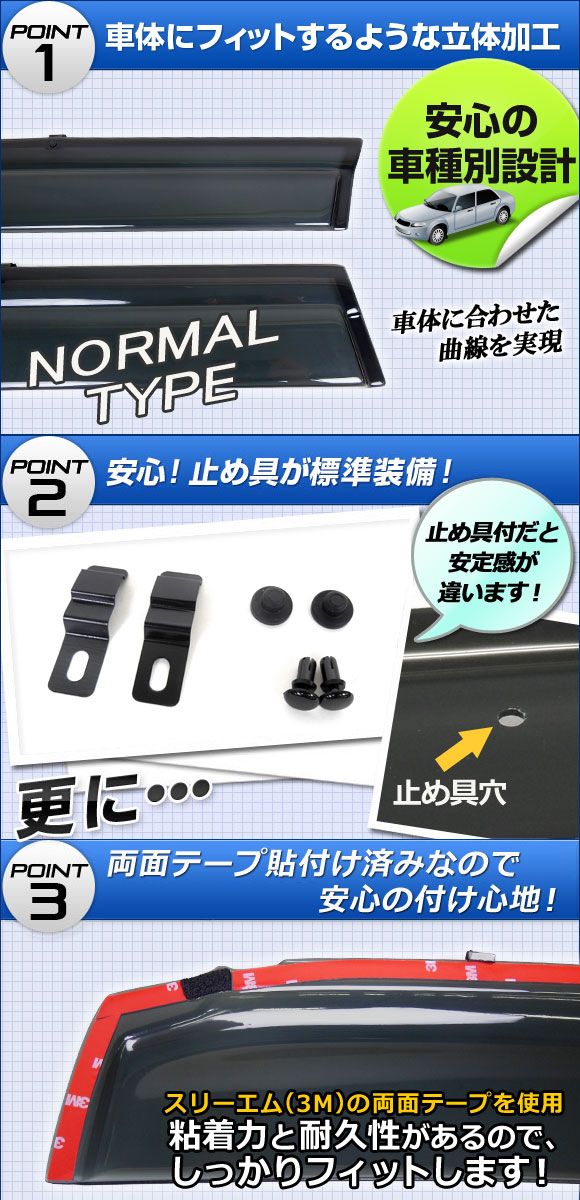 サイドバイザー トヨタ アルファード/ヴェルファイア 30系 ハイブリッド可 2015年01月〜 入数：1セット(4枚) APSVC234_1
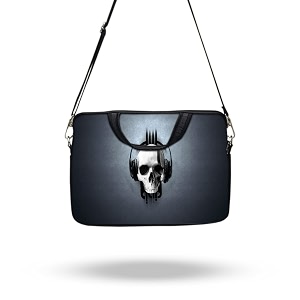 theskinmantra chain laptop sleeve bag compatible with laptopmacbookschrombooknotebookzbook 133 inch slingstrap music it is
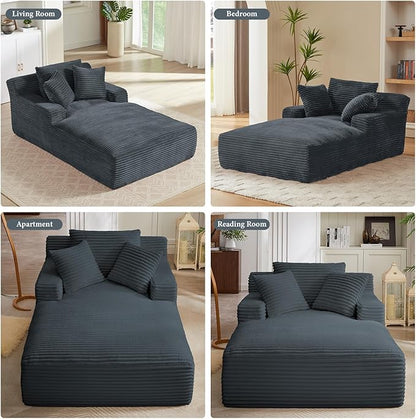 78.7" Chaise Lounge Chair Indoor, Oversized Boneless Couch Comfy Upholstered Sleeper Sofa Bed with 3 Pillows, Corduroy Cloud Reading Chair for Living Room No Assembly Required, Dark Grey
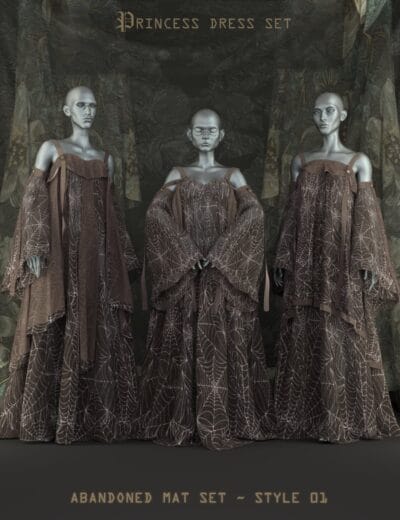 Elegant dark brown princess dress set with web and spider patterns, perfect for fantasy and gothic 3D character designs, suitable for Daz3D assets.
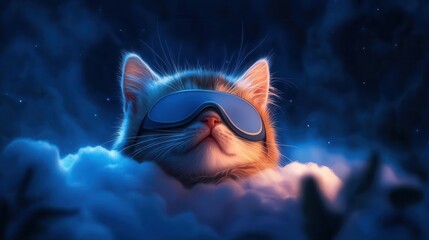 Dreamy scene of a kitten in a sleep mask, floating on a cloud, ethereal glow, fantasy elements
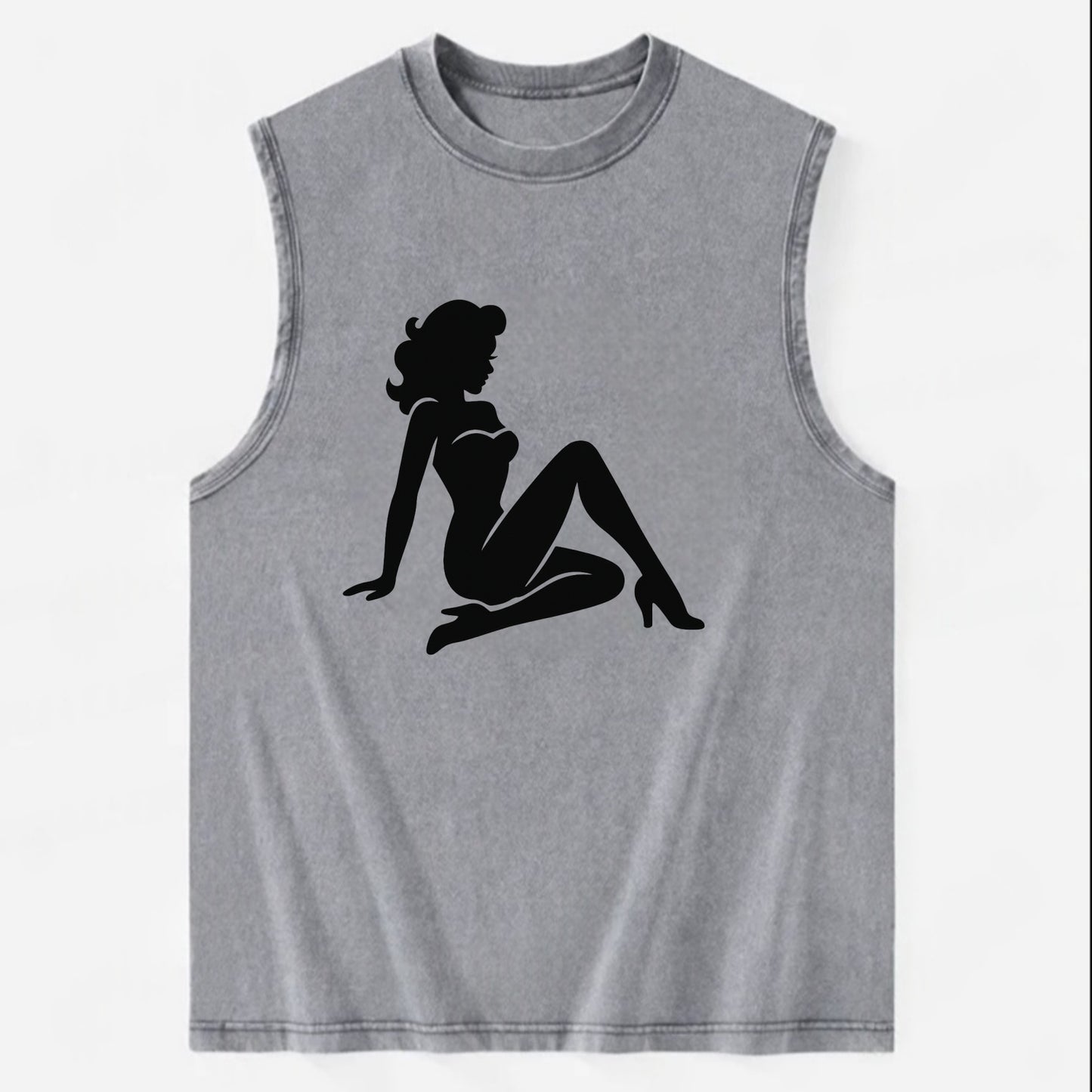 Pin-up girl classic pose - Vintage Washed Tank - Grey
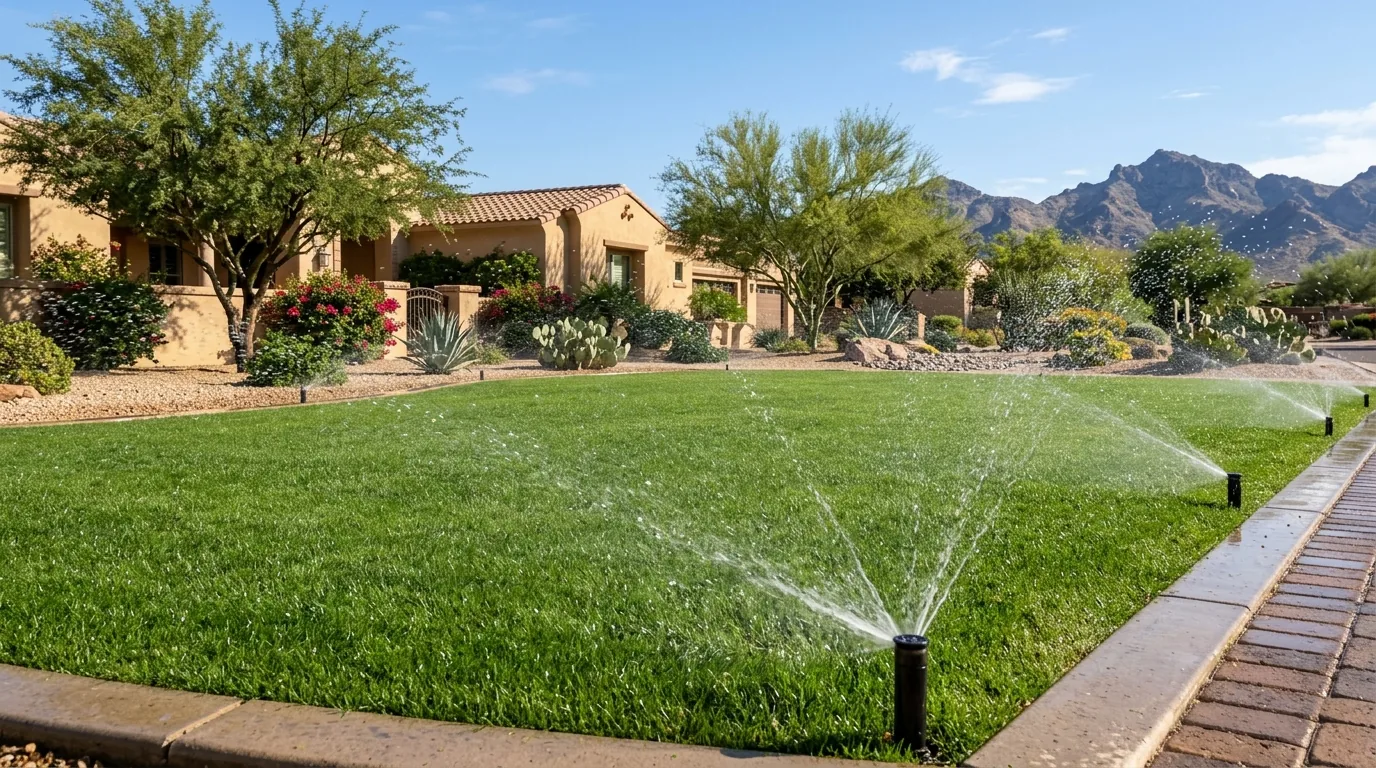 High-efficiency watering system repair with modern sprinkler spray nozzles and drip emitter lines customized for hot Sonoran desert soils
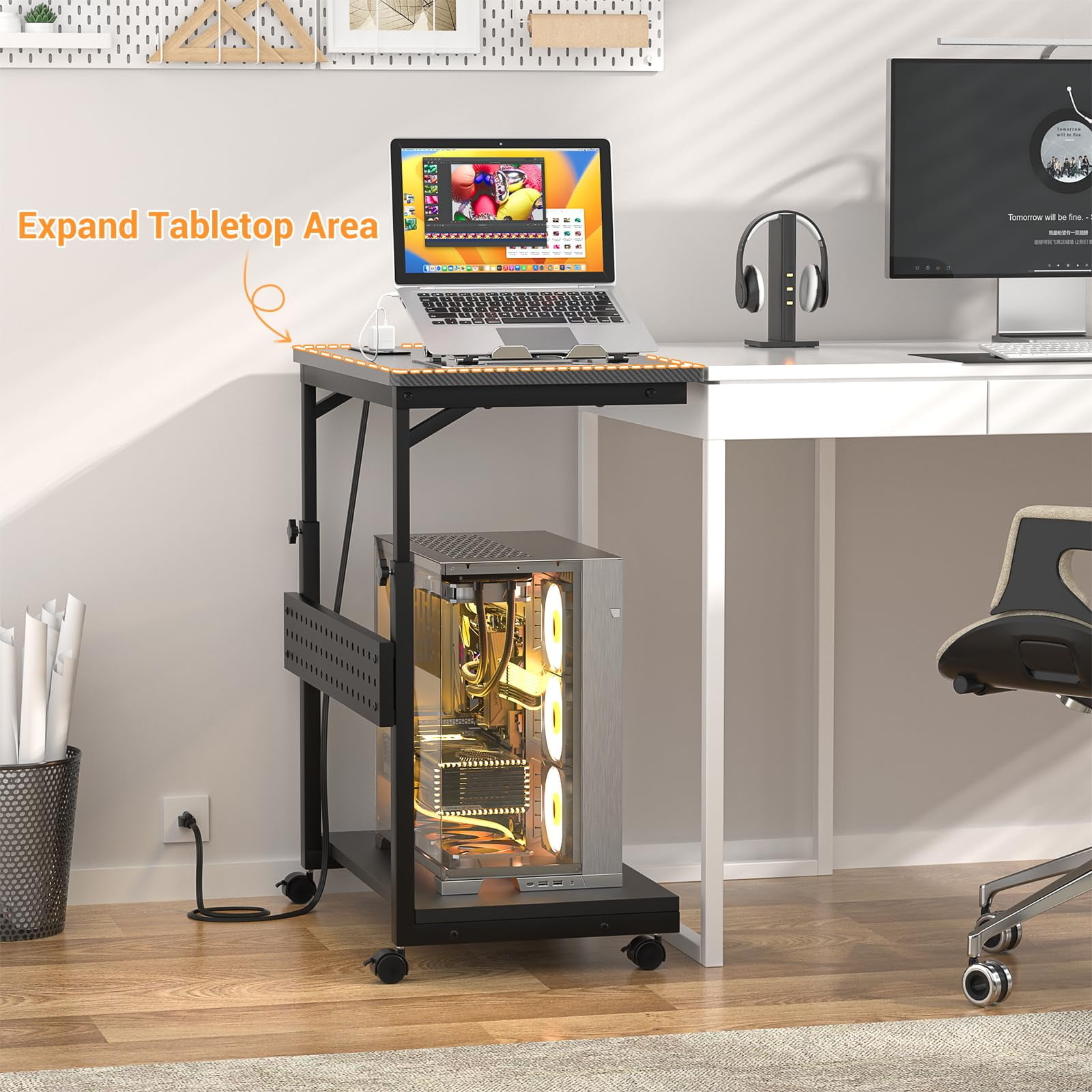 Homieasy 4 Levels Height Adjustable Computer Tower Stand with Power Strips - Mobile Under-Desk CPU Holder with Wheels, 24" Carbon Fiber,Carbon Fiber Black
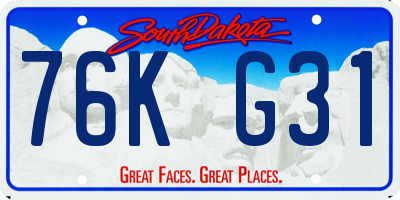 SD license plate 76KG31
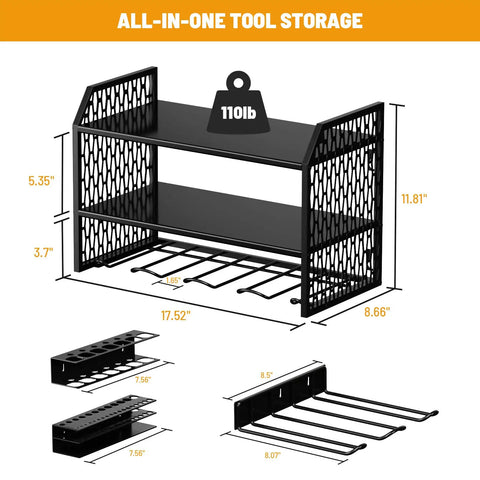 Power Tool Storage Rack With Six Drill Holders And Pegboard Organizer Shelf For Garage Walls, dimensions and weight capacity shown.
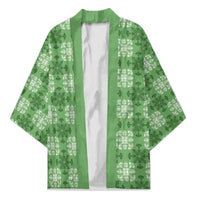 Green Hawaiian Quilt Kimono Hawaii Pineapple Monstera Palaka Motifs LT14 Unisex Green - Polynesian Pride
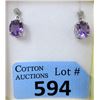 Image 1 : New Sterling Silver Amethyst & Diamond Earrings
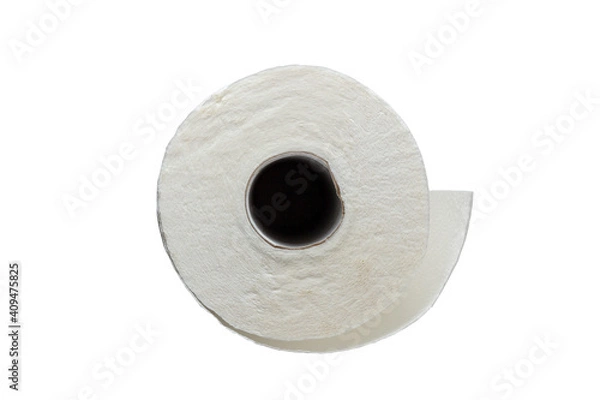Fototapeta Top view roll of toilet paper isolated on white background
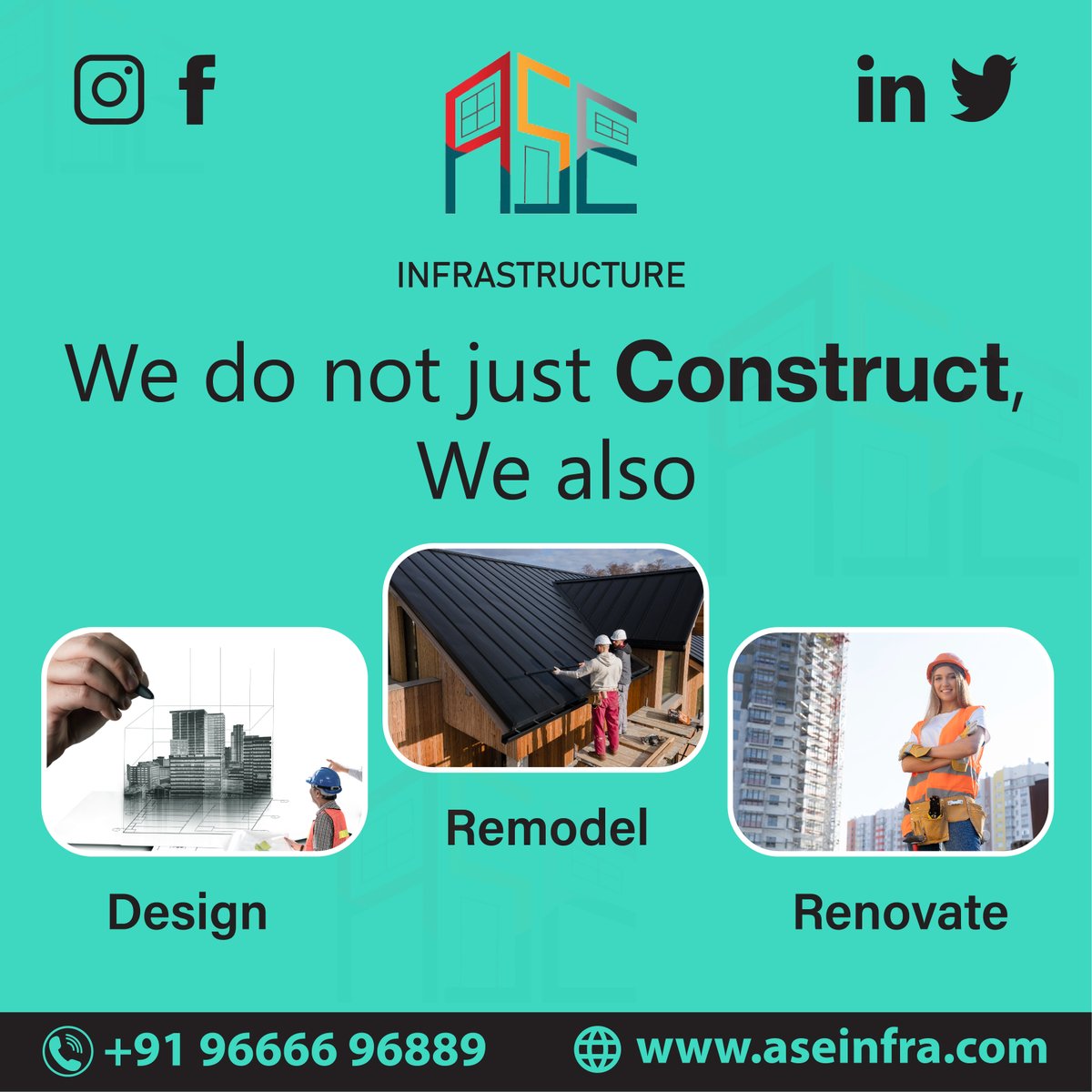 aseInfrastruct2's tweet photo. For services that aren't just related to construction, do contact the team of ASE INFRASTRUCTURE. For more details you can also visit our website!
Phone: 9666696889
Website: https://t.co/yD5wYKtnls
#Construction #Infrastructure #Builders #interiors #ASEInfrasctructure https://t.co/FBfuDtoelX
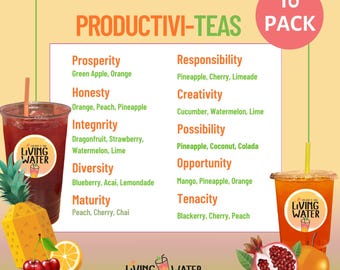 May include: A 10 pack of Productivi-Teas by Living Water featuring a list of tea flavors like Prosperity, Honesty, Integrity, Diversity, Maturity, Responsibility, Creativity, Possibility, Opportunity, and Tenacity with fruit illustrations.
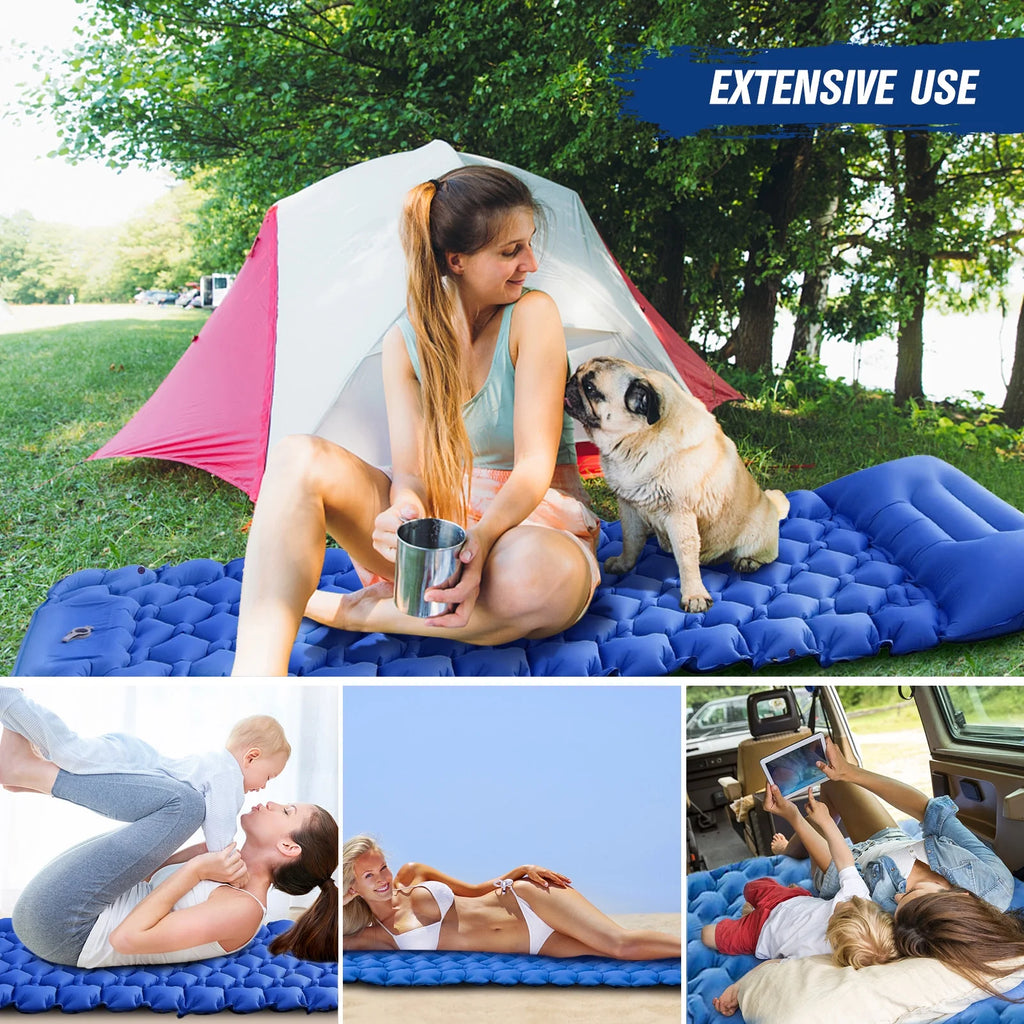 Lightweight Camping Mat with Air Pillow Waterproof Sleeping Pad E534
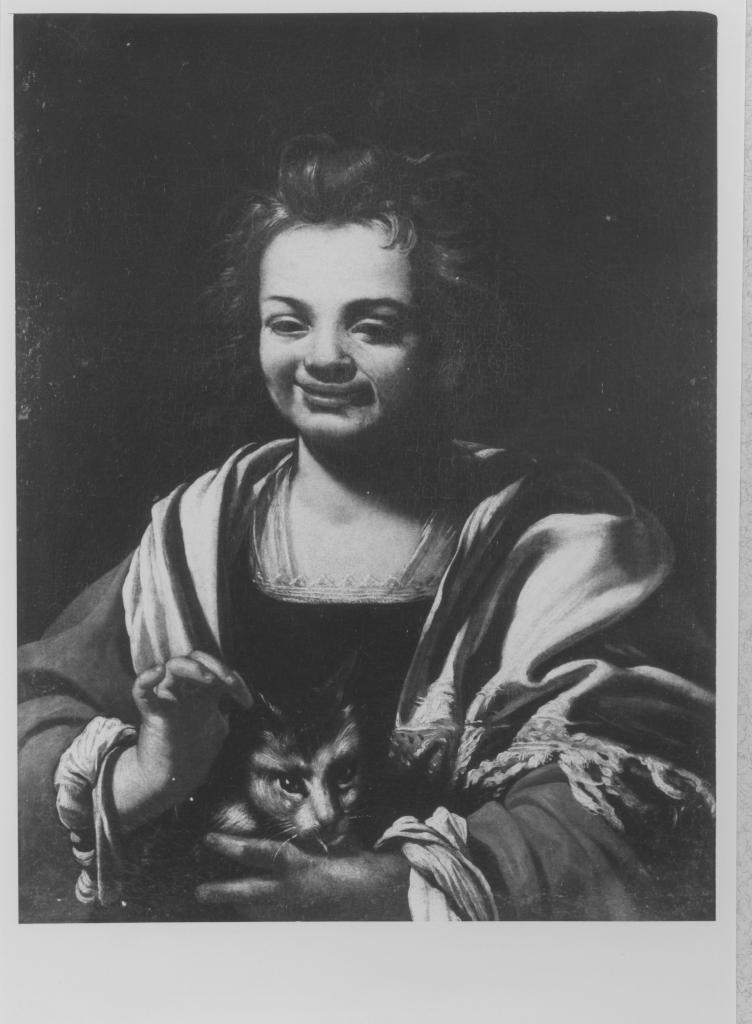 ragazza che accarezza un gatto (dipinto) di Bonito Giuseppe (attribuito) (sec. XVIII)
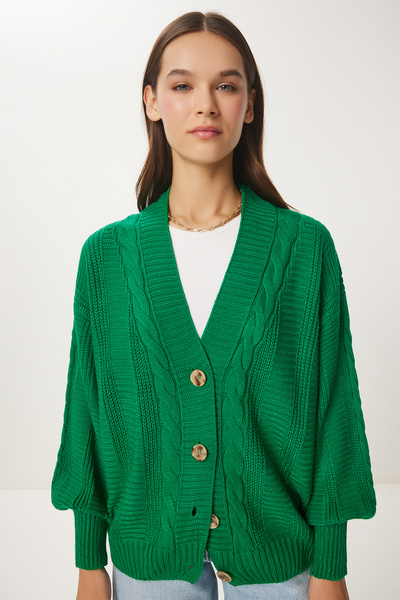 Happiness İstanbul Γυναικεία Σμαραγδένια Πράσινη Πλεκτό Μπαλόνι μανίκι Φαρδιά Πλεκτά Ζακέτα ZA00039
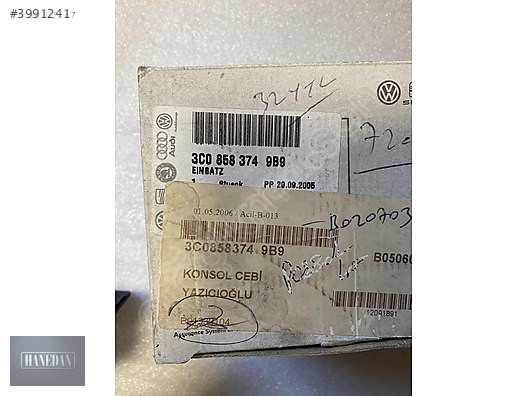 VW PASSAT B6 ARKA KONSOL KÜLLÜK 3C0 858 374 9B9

========================================================================

● **What you need to do**
Only an exact copy is wanted: the lines from the opening of the material through the line that has "theskinmantra chain laptop", minus any pictures.

● **Expected output**
 サイドバイザー トヨタ アルファード/ヴェルファイア 30系 ハイブリッド可 2015年01月〜 入数：1セット(4枚) APSVC234_1
 theskinmantra chain laptop sleeve bag compatible with laptopmacbookschrombooknotebookzbook 133 inch slingstrap music it is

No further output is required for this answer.